[Stored records]

>>>

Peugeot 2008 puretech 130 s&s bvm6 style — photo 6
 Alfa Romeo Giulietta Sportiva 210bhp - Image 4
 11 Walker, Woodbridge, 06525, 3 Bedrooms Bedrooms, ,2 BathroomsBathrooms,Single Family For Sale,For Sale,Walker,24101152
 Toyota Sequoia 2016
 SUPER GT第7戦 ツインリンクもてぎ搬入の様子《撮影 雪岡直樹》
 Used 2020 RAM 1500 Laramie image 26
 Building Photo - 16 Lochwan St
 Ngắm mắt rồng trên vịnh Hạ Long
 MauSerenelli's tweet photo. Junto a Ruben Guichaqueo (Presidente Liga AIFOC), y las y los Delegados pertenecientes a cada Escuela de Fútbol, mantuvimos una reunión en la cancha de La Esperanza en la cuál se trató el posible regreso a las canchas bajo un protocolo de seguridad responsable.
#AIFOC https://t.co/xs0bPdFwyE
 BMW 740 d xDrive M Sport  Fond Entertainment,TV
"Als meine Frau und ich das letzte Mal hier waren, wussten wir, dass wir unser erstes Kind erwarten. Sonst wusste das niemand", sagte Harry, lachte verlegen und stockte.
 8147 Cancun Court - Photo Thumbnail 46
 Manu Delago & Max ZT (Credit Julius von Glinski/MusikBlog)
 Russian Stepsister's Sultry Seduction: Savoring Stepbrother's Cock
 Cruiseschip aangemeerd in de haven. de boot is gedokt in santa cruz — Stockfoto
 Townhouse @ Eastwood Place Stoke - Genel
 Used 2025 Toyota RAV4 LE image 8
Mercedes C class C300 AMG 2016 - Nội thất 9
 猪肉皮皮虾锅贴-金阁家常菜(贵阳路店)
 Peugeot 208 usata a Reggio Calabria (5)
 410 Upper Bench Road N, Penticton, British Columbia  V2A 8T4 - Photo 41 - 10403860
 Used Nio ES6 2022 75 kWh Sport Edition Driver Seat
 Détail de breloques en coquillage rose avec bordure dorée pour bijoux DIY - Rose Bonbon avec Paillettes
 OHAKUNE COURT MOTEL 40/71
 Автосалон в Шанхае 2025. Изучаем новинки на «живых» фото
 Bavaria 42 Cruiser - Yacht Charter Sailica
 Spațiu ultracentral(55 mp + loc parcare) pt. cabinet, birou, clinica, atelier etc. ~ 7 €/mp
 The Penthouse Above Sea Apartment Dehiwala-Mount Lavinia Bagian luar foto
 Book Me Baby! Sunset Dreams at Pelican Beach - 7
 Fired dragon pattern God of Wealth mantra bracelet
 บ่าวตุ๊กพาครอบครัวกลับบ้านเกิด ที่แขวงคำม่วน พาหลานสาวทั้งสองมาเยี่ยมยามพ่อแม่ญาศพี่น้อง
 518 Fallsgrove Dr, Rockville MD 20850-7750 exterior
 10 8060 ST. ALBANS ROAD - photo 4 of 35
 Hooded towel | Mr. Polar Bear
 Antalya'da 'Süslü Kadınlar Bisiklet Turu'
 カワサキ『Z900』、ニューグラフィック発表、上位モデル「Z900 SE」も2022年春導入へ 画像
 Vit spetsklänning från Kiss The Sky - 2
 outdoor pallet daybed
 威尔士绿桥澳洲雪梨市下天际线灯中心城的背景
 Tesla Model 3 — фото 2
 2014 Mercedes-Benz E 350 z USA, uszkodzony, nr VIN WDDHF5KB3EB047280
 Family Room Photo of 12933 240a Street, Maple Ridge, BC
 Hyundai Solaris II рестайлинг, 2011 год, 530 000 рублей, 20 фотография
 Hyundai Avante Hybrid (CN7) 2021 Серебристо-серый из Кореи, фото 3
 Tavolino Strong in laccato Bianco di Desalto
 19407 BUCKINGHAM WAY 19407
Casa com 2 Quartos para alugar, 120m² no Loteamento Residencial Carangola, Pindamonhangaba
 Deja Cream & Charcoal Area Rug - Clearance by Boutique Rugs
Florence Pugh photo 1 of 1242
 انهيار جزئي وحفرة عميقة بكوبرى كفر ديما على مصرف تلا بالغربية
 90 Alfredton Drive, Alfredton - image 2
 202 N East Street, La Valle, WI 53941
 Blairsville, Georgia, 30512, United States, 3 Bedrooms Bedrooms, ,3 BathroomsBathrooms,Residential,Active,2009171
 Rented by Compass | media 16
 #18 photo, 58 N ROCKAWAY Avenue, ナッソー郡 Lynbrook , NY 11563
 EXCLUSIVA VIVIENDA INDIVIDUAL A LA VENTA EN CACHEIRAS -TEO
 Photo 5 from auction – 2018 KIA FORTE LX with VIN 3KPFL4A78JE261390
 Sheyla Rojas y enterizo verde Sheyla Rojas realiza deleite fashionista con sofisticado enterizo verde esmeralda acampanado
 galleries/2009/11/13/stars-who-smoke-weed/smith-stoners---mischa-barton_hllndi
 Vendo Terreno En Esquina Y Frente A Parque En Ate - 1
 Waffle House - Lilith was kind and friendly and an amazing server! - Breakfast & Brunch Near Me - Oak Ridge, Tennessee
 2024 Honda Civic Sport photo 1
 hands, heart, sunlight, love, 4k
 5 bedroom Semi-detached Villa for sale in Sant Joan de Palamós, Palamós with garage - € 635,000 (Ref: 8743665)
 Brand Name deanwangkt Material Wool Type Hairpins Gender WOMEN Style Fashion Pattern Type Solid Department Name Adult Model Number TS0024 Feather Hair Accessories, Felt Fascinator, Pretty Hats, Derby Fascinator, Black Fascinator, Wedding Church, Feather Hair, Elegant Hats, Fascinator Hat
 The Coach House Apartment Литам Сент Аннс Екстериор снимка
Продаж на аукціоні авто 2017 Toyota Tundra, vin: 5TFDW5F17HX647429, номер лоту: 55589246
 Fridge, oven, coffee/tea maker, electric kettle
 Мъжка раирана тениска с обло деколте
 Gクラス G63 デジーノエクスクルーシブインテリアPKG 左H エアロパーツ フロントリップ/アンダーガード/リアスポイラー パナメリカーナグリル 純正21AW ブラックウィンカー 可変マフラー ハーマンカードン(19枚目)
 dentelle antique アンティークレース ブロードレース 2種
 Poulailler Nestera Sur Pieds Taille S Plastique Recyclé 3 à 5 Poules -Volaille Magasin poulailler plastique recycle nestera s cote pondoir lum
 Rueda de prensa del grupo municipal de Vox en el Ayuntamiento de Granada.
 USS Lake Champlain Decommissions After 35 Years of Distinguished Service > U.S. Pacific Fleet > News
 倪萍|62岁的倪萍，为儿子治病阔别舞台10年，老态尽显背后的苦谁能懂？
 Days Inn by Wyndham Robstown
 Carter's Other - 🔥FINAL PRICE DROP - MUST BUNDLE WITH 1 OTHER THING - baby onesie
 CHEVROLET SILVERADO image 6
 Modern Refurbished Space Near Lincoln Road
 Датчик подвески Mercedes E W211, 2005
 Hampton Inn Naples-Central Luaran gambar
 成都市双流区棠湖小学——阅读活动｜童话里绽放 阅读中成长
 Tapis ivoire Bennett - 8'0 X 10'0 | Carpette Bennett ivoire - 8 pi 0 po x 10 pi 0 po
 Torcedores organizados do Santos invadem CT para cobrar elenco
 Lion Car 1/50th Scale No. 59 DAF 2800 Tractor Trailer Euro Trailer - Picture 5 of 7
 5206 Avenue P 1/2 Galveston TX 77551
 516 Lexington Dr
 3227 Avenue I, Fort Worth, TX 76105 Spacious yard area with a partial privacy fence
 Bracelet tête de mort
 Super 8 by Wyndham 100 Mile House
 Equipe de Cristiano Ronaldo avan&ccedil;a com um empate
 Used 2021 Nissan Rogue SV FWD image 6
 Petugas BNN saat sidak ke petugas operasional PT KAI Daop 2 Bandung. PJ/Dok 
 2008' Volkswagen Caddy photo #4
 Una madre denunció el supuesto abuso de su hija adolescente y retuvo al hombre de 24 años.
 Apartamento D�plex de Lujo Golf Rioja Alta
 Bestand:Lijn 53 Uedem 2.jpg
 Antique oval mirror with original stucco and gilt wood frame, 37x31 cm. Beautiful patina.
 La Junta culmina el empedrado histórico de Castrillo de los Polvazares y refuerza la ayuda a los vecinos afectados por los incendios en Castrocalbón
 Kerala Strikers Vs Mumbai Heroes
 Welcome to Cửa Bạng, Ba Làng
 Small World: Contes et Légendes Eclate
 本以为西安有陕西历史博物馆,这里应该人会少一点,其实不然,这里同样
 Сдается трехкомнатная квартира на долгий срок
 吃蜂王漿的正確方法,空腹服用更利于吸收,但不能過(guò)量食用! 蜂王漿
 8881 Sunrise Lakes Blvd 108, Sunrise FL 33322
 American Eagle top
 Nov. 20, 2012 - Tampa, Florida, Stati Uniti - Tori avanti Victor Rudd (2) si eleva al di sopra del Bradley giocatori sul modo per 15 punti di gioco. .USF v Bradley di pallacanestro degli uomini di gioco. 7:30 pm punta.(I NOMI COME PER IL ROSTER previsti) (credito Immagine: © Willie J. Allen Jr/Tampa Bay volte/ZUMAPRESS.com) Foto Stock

<<<

TASK TO COMPLETE: Copy out exactly the lines from the one containing "Small World: Contes et Légendes Eclate" through the last line above, keeping both end lines.

SOLVED PROBLEM:
 Small World: Contes et Légendes Eclate
 本以为西安有陕西历史博物馆,这里应该人会少一点,其实不然,这里同样
 Сдается трехкомнатная квартира на долгий срок
 吃蜂王漿的正確方法,空腹服用更利于吸收,但不能過(guò)量食用! 蜂王漿
 8881 Sunrise Lakes Blvd 108, Sunrise FL 33322
 American Eagle top
 Nov. 20, 2012 - Tampa, Florida, Stati Uniti - Tori avanti Victor Rudd (2) si eleva al di sopra del Bradley giocatori sul modo per 15 punti di gioco. .USF v Bradley di pallacanestro degli uomini di gioco. 7:30 pm punta.(I NOMI COME PER IL ROSTER previsti) (credito Immagine: © Willie J. Allen Jr/Tampa Bay volte/ZUMAPRESS.com) Foto Stock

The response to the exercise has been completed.